Two factions appear within the Democratic party

Written By Nardos Haile, Co-News Editor

The 2020 election cycle didn’t just include a shift in the Presidential seat, the Democrat-controlled House and Republican-controlled Senate were all up for grabs in multiple tightly-called races, including the ongoing two Senate run-off elections in Georgia.

Slight Democratic losses in the Congressional race sparked an intraparty debate within the Democratic party with local Pittsburgh Rep. Conor Lamb and Rep. Alexandria Ocasio-Cortez. Rep. Ocasio-Cortez is critiquing the Democratic establishment and Rep. Lamb is arguing progressive Democrats’ policies are too unpopular with the American public.

Claire Kreider is a spring 2020 graduate of Point Park and a former congressional campaign fellow for Rep. Lamb who worked in campaign finance and field organizing in Green and Washington County for the 2018 Midterm election. She said the warring factions in the party are due to an emerging generation who grew up in a polarizing political climate.

“If we look at the Republican Party, the same thing happened to them starting 20 years ago with the Tea Party movement, you have Libertarians. You know the Republican Party had that schism, and now we’re seeing it with the Democrats,” Kreider said.

Ian Brady, a 2019 Point Park graduate and former digital organizer strategist for Break Something in D.C., said Pennsylvania is an example of the Democratic split in the party.

“Pennsylvania is a really big test subject, or maybe microcosm for what the Democratic party is like because you do have metropolitan areas like Pittsburgh and like Philadelphia and then like fringe smaller towns like Allentown and Erie which are really cities but not as blue counties,”  Brady said. “What’s so interesting is that when we were like ‘oh no is Biden going to win PA,’ I took a lot of comfort on Wednesday of election week because all of the numbers in Philly and in Pittsburgh majority of the votes uncounted.”

Brady said that the diversity of votes in Pittsburgh and Philadelphia from Black and brown voters meant that the Democratic Party needs to focus on these communities, people and policy issues that Democrats are divided on like Medicare-For-All. 

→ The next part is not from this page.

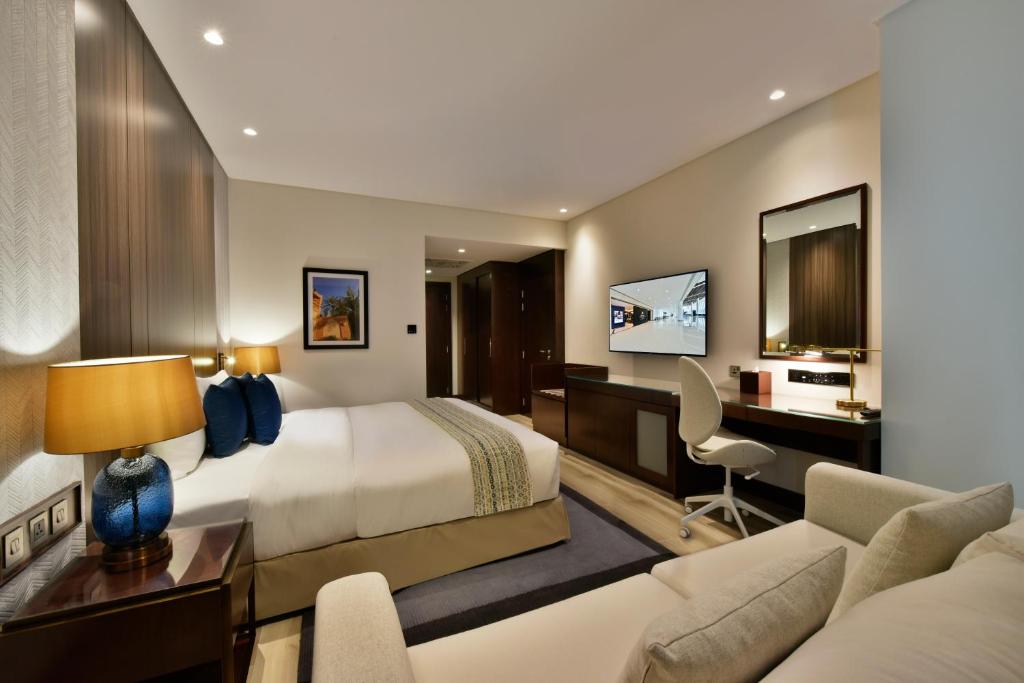 a hotel room with a bed and a desk at Bahrain Airport Hotel Airside Hotel for Transiting and Departing Passengers only in Muharraq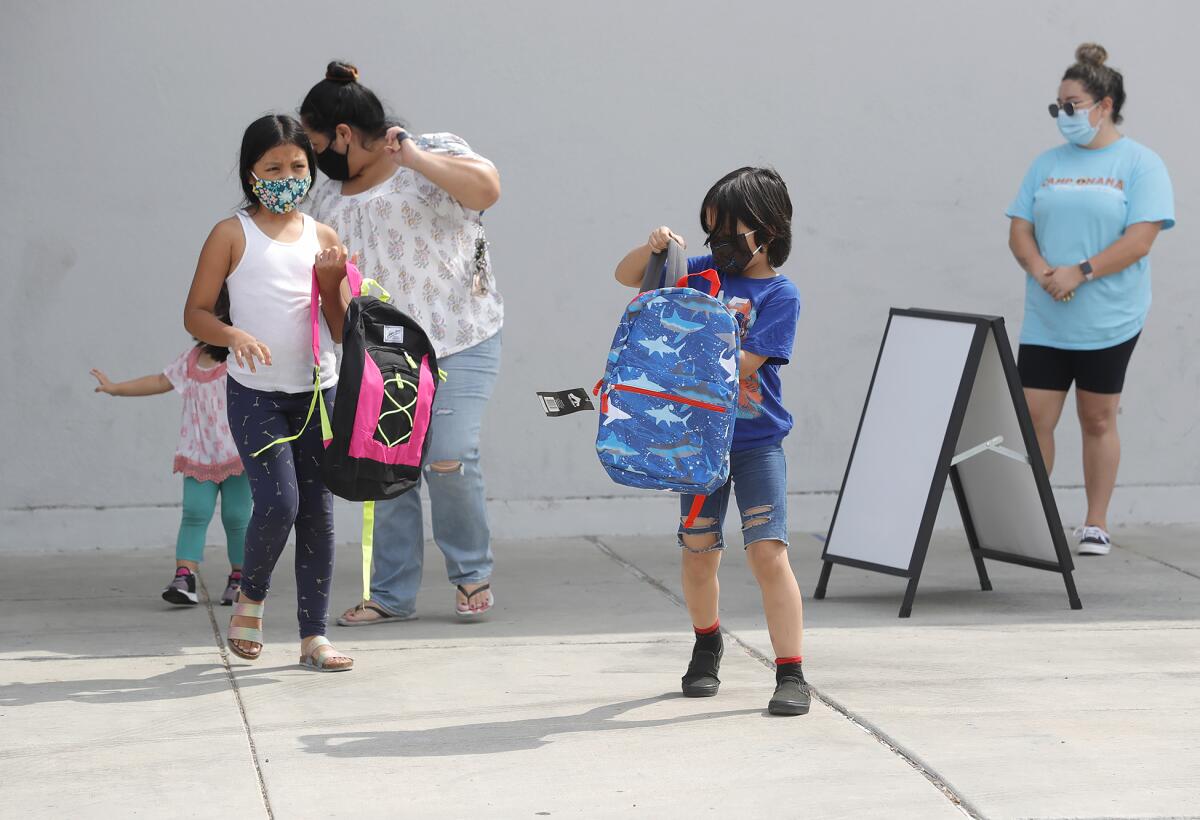 Briana and Brandon Melendez receive new backpacks at Rea Elementary.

“We lost a number of seats in the House. All of the seats lost, how all those candidates lost, congressmen and women, voted on Medicare-For-All and they all were against Medicare-For-All,” Brady said. 

In an interview with the New York Times, Rep. Lamb said that he had been through three difficult elections in Republican-leaning districts, “and I can tell you that people are not clamoring for the two policies [Medicare-for-All and the Green New Deal] that you just asked about. So, that’s just what probably separates a winner from a loser in a district like mine.”

Polling from the Hill shows that 69% percent of Americans are in support of Medicare-for-All but Republican support for the single-payer option decreased in popularity from 2016. 

Brady disagreed with Rep. Lamb’s stance that these policies are unpopular.

“I don’t think the AOC wing of the party is saying, they’re not saying I need centrists to give me this, I need Conor Lamb to be saying defund the police, Medicare-for-All. Those things, as well as the Green New Deal, are kind of non-negotiable,” Brady said. 

Rep. Ocasio-Cortez said the reason why there were losses in the House was due to the lack of full-fledged campaigning which includes widespread digital marketing and advertising and “because the party — in and of itself — does not have the core competencies, and no amount of money is going to fix that.” 

For progressive Democrats that feel the shift to centrism isn’t enough for the change needed in the country, Kreider wants to emphasize that the fight for representation in progressive politics will continue for years to come.

“Biden ran his campaign as going back to normal. And I feel like if you’re a progressive Democrat, things aren’t looking too great right now, but I think we really need to take into consideration that Biden’s going to implement a comprehensive COVID response and greenroll the United States in the Paris Climate Accord and the World Health Organization. I don’t think this is the end of the line for progressives,” Kreider said.